Las manzanas en Cézanne son los cítricos de Rousseau. No es el mundo de la naturaleza muerta, tan cargado de ingrávidas escenificaciones. ¿Hablan las cosas en los cuadros de Rousseau? ¿Qué significa, en todo caso, que un cuadro “hable”? Sabemos que las botas de Van Gogh “hablan” del uso rutinario de los pies de un campesino cualquiera. Y, por su parte, las manzanas de Cézanne nos hablaban del letargo de una tarde en interiores, a la espera de que una mano roce el hilado del mantel. Los cítricos o los tallos de Rousseau no generan ese efecto de anticipación. El inicio medial de sus composiciones nos transporta, pudiéramos decir tomando del vocabulario de Wallace Stevens, hacia el último tallo de la inteligibilidad mental. Del inicio al final algo se nos comunica sin palabras.
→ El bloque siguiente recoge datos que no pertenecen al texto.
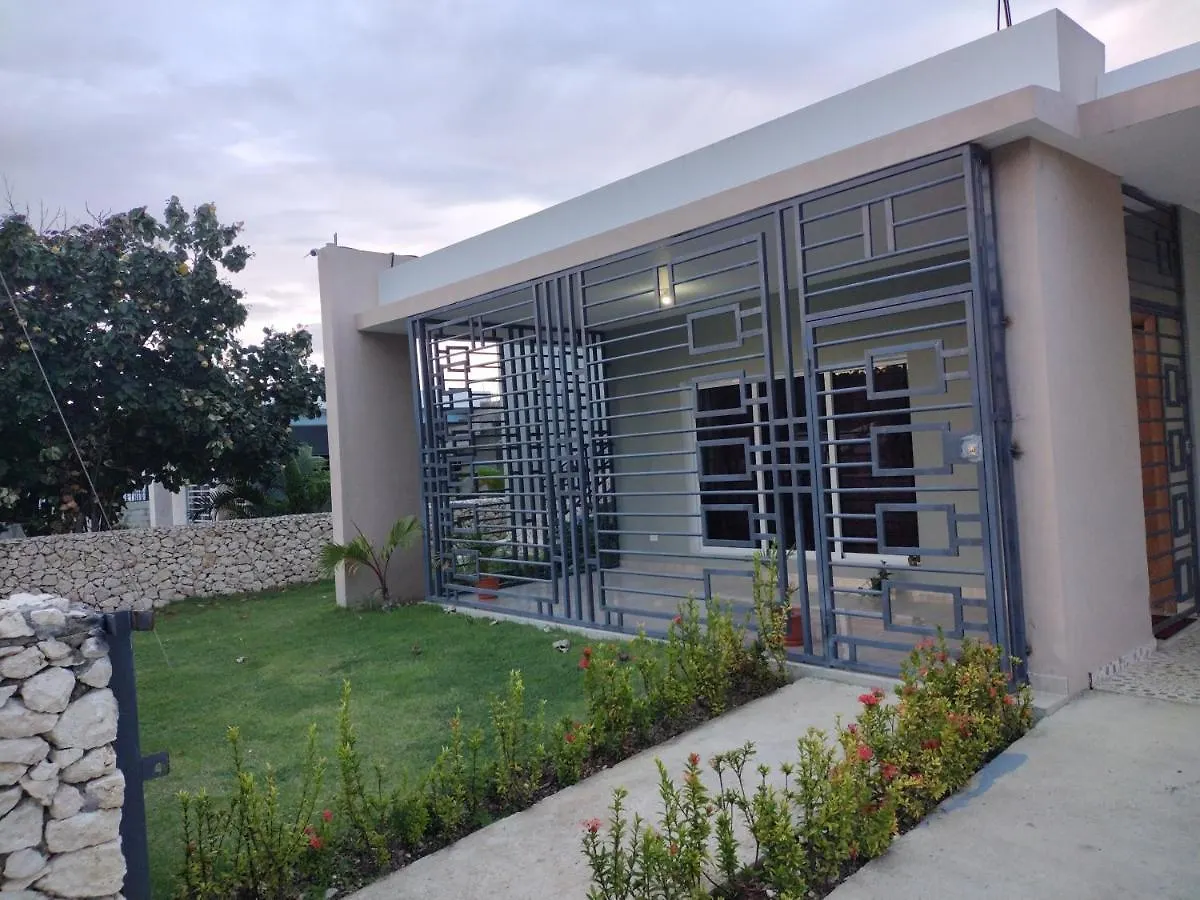 Cabrera Family Villa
En un verso que cierra un poema de Stevens que muchas veces se ha asociado al mundo pictórico de Rousseau leemos una adjetivación de esta prudente lengua: “Their musky and tingling tongues” [2]. El tupido cosquilleo de esas lenguas consigue generar el parpadeo ante lo atónito de la presencia.

Rousseau – pero también Pissarro y Cézanne, Utrillo y Denis – se integra a la tradición de la pintura francesa desde las praderas de una distancia intermedia. Ni tan lejos ni tan cerca. Este es el efecto de extrañeza. Como nos advierte T.J. Clark, se trata de un momento de exteriorización [outwardness] y dispersión que, en la indeterminación de los sentidos, se resiste a ser reconstituido en la totalidad” [3]. Ante Rousseau es obvio que la naturaleza vigorosamente postadánica depende de una cualidad underperformed que hace del “gran pintor” un colorista aprendiz de un mundo floreciente e discontinuo. Así, cada cosa se inclina hacia el final de la mente: la última flor fehaciente, el ocaso en su declive, la pelea entre un indio norteamericano y un gorila, o el sueño de una figura tendida en el desierto a la sombra de un león. Quién ve por primera vez parpadea para sortear las fraguas ecocidas del curso histórico.

El supuesto infantilismo pictórico de Rousseau reside en la sabiduría suprema que abandona al mundo “tal como es”, ese fatalismo de la representación. Y gracias a las lenguas musgo de las cosas se introduce algo así como el ritmo que barajea los surcos de las regiones. ¿En qué consiste el mentado enigma de Henri Rousseau? Cristina Campo una vez habló de la vida pura como ritmo y música, que en sus olvidos prepara la mirada inefable en comunicación con lo invisible [4]. En las pequeñas hazañas de la pintura de Rousseau vemos algo más que el arbusto o briznas cinceladas; algo más que flores rosadas o el rabo de nube que amarra la composición del cuadro. En efecto, vemos todo eso mediante la ligereza, porque en ella recibimos los tesoros de la vista y de la mano. Tocamos por primera vez para llegar a lo último, y solo así que podemos decir que vivimos, en pintura, una vida pura e inolvidable. Y este es el enigma supremo: el contacto con la caducidad de las cosas. Una apariencia de lo evanescente sin nada más.

NOTAS

1. Carla Lonzi. Henri Rousseau (Fratelli Fabbri, 1978).

2. Wallace Stevens. “Floral Decorations for Bananas”, en Collected Poetry & Prose (Library of America, 1997), 44.

3. T.J. Clark. “Beauty Lacks Strength», en Those Passions: On Art and Politics (Thames & Hudson, 2025), 161

4. Cristina Campo. “Con lievi mani”, en Gli imperdonabili (Adelphi, 1987), 393.

*Imágenes: documentación fotográfica del autor de la muestra en el Barnes Foundation, Philadelphia, octubre de 2025.